Он говорил, что Женька права. Но он больше всего боится стать кому-нибудь в тягость, когда постареет, а до этого уже осталось мало времени.
— Вы не мучайтесь, — утешала его Женька. — Никому вы не станете в тягость. Вас хватит кондрашка прямо в море, на мостике, как капитана Воронина. И все будет нормально, без хлопот.
— Дай бог, чтобы истина глаголила устами приматов, — говорил Павел Александрович Басаргин.
Это были чудесные вечера и чудесные разговоры.

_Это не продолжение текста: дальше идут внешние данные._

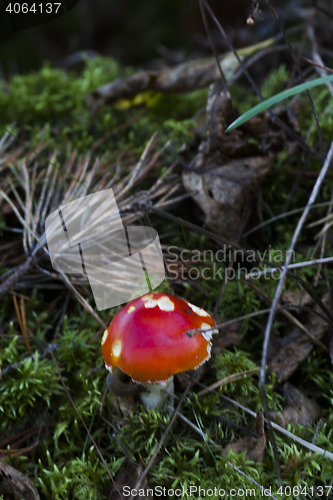 Image of fly agaric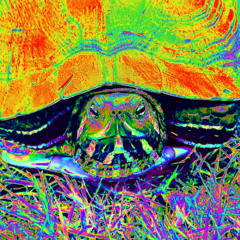 Segundo Tortuga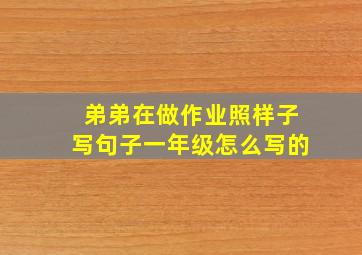 弟弟在做作业照样子写句子一年级怎么写的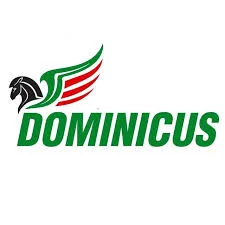 Logo Dominicus Shipping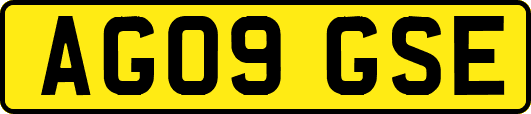 AG09GSE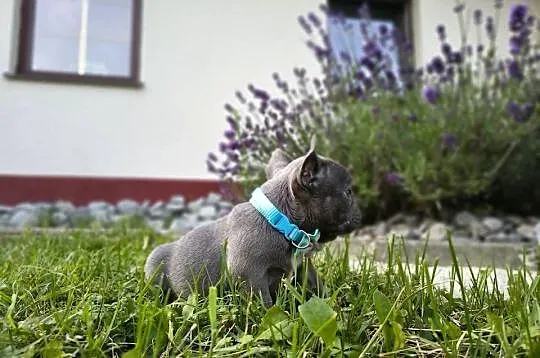 Buldog francuski, Małopolskie, Targanice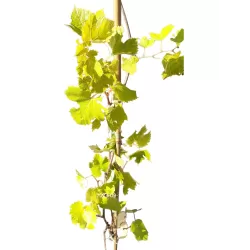 Gauruotasis vynmedis - Vitis labrusca SPULGA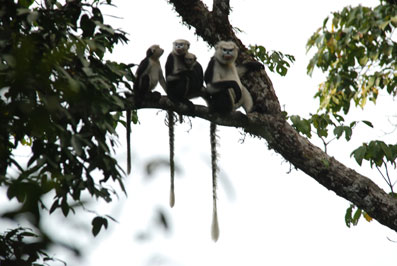 'Make home' for ... snub-nosed monkey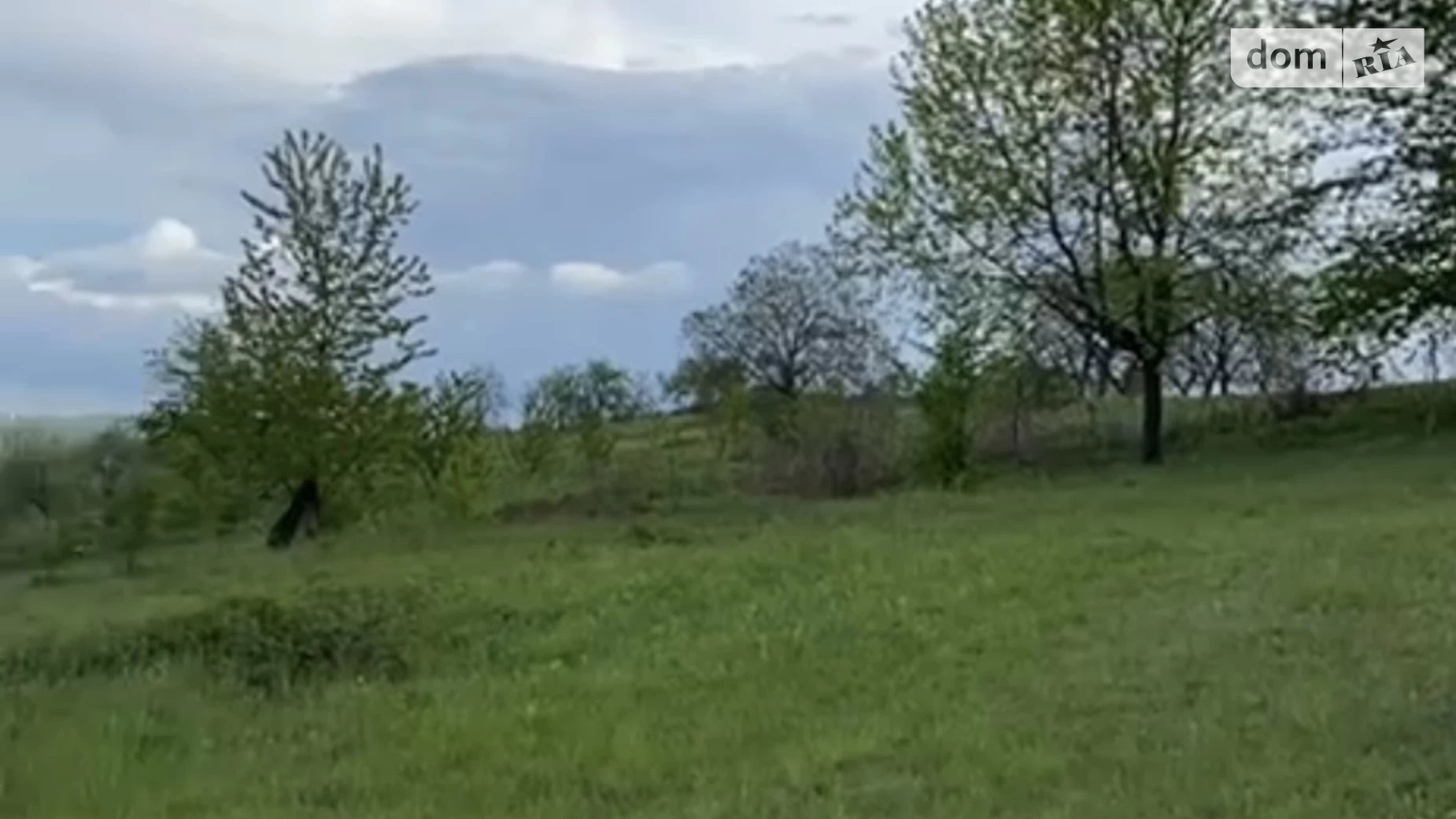 Продается земельный участок 24.47 соток в Закарпатской области, цена: 18000 $ - фото 3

И бог знает, чем бы эти вечерние разговоры кончились, но на очередной диспансеризации у Женькиного сына нашли затемнения в легких. И весной она уехала, улетела. А Басаргин оставался на Диксоне до самого пятьдесят шестого года. Он успел написать там целых два учебника. И их напечатали, и он прислал их Женьке в подарок с надписью: «Ты жива еще, моя старушка? Жив и я, привет тебе, привет!» И когда Женька смотрела на учебники парусного дела, то вспоминала, как их автор терся подбородком о ее голову, и открывала очередной товароведческий учебник, скрипела зубами от отвращения, затыкала пальцами уши и долбила гранит науки своим широким лбом.
Влюбленность в Басаргина давно прошла в ней. Но сохранилось нечто другое. Когда появлялся мужчина возле Женьки, она сравнивала его с Басаргиным. И все. Он уже неинтересен ей делался, хотя монашкой она не была.
4
Женька лежала в постели и гладила мягкую английскую шерсть. Храпела за комодом мать. Падал на улице снег. Слышно было, как хлюпает вода в кухне, — Маруська затеяла большую стирку. Спали вокруг Степановы, Ивановы, Гугины, Лейбовичи и Титовы — соседи по жизни в старой питерской квартире за Обводным каналом.
«Ничего, — думала Женька. — Еще чего-нибудь произойдет. Еще Игорек вырастет. Мать-то умрет скоро, это и ежу понятно. И я когда-нибудь помру. Никуда от этого не денешься, а пока жить можно…»
— Мама, ты не спишь? — вдруг спросил из темноты Игорь.
— Ну?
— Мама, я сперва обыграю Бобби Фишера, а потом стану великим ученым.
— Это почему?
— Потому что я вундеркинд.
— Это кто тебе сказал?
— Зоя Михайловна.
— Какой же ты вундеркинд, если такой дуре веришь? Спи.
— Спокойной ночи, мама.
Женька потрогала языком прикушенную давеча на родительском собрании губу, вспомнила про старшего Медведева, улыбнулась и уснула.
Глава восьмая, год 1961
ВЕТОЧКА
1
Басаргин принял «Липецк» в конце арктической навигации в порту Тикси.
Неприятности Павла Александровича остались в прошлом. Только здоровье подводило все чаще. Но Басаргин, как большинство старых капитанов, подозревал, что бросить плавать — значит скоро помереть. Нельзя менять ритм, в котором прожита жизнь. Лучше нездоровье, чем ящик.
У Колгуева «Липецк» попал в ураган. Заклинило рулевое. Крены достигали тридцати градусов, а на верхней палубе были приторочены вездеходы, тракторы, понтон и рабочий катер. В помещениях для зверобоев было сто восемнадцать сезонных рабочих-докеров из бухты Тикси — сплошь бывшие уголовники. И когда отстаивались за Колгуевым, прячась от шторма, грузчики устроили настоящий бунт из-за того, что им не показывали кино, дурно кормили, и еще из-за того, что они непривычны были к качке в ураганном море, к духоте твиндеков. Они требовали капитана.
На трапе в твиндек Басаргину показалось, что он спускается в жерло вулкана. Горячие испарения, табачный дым и громовой мат. Грузчики, голые по пояс, резались в карты за столами и не думали скрывать это. У них были рожи настоящих, стопроцентных пиратов, им не хватало серег в ухе.